En particular, tienes la perspectiva de la tradición. No me refiero a la tradición como repetición de cosas que has aprendido desde pequeño sin criticarlas. En ese sentido soy muy poco tradicionalista. Me refiero a la tradición en su sentido etimológico: tradere, entregar. Te das cuenta de que tu hijo está entregando un testigo que ha recibido de ti, que a tu vez lo has recibido de tus padres y que eres parte de una cadena que se remonta hacia atrás en una serie que se pierde en la noche de los tiempos y que se lanza hacia delante para proseguir la entrega hasta su fin. La tradición no es una trasmisión pasiva del testigo. Cada generación debe completarla, modificarla, añadir, tal vez quitar con respeto. Cambiar algo sin cambiar lo esencial. Adaptar lo esencial al signo de los tiempos. Esto de adaptar sin cambiar es sutil, pero fácil de entender con un ejemplo. Las dos leyes de la termodinámica son absolutamente inmutables. Nada que exista en este mundo las puede vulnerar. Sin embargo, el hombre no ha dejado de diseñar motores, de tracción orgánica o mecánica, que las utilicen cada vez mejor.

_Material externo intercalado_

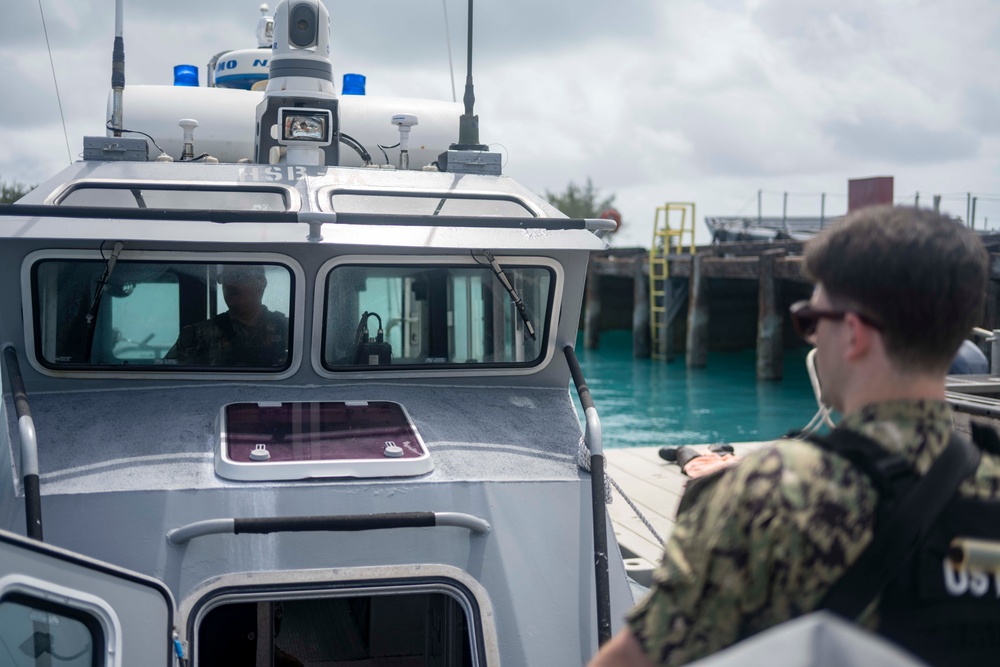 NSF Harbor Security conducts a Small Craft Inspection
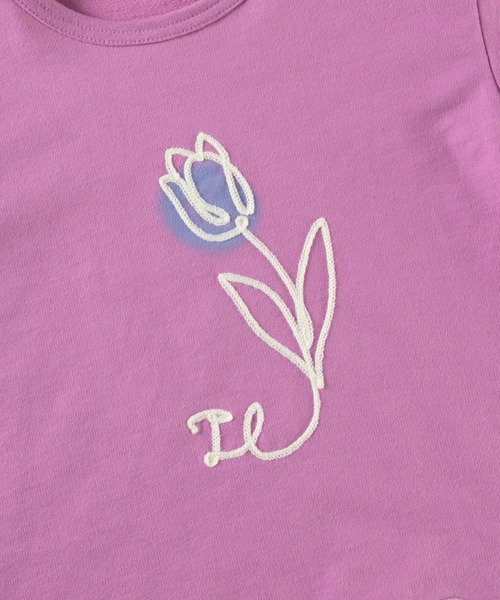 trois lapins kp（トロワラパンケーピー）の「お花刺しゅう ミニ裏毛トレーナー(100~150cm)（スウェット・キッズ・ピンク/ナチュラル・130cm/110cm/120cm/140cm/100cm/150cm）」の9枚目の写真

Como todos los símiles, éste tiene sus limitaciones. Las leyes de la termodinámica son inviolables en este mundo, pero las leyes que deben regir la evolución de una tradición sana sí pueden ser violadas y, desgraciadamente, lo son con frecuencia. ¿Cuáles son esas leyes? A mi entender son tres. La Verdad, la Bondad y la Belleza. Cuando nosotros recibimos el testigo al nacer, recibimos con él todo un mundo. Muchos mundos, en realidad. Desde el más próximo de nuestra familia, hasta el más alejado, en la India o en la Patagonia, pasando por una enorme cantidad de mundos concéntricos cada vez menos inmediatos. Y con el testigo recibimos una responsabilidad. Quizá la mayor sea la de educar y formar a nuestros hijos cuando nos llegue el turno, pero no la única. Tenemos también que transformar todos esos mundos, cada uno en la medida que podamos, mejorándolos, con las tres leyes de esa transformación, Verdad, Bondad y Belleza. Desgraciadamente, también podemos deteriorarlos con la falsedad, la maldad y la vulgaridad. Además, mientras que la herencia genética se entrega de una sola vez, la herencia de la tradición se entrega en cada minuto de nuestra vida, y no sólo a nuestros hijos o nietos, sino en cada contacto con cada persona. O sea que, en realidad, ser abuelo es independiente de tener o no nietos. Depende tan sólo de la perspectiva de la vida. Tampoco depende de la edad, pues hay personas que adquieren relativamente pronto una cierta perspectiva de sabiduría, otras que tardamos mucho y otras que no la adquieren nunca –en realidad nadie la adquiere nunca del todo, sólo la tendremos plenamente cuando veamos a Dios–. Sin embargo, el tener un nieto puede ser una experiencia desencadenante. Por eso, cuando tenía en mis brazos a mi nieto le pedía a Dios que me iluminase para ser un buen edificador y trasmisor de esa tradición basada en la Verdad, la Bondad y la Belleza y no en sus adulteraciones. Ojalá sea capaz de entregarles a mis hijos, a mis nietos y al mayor número posible de personas, en el tiempo que Dios me conceda de vida, mundos con mayores espacios abiertos a la Verdad, donde la Bondad tenga más protagonismo y más impregnados del esplendor de la Belleza.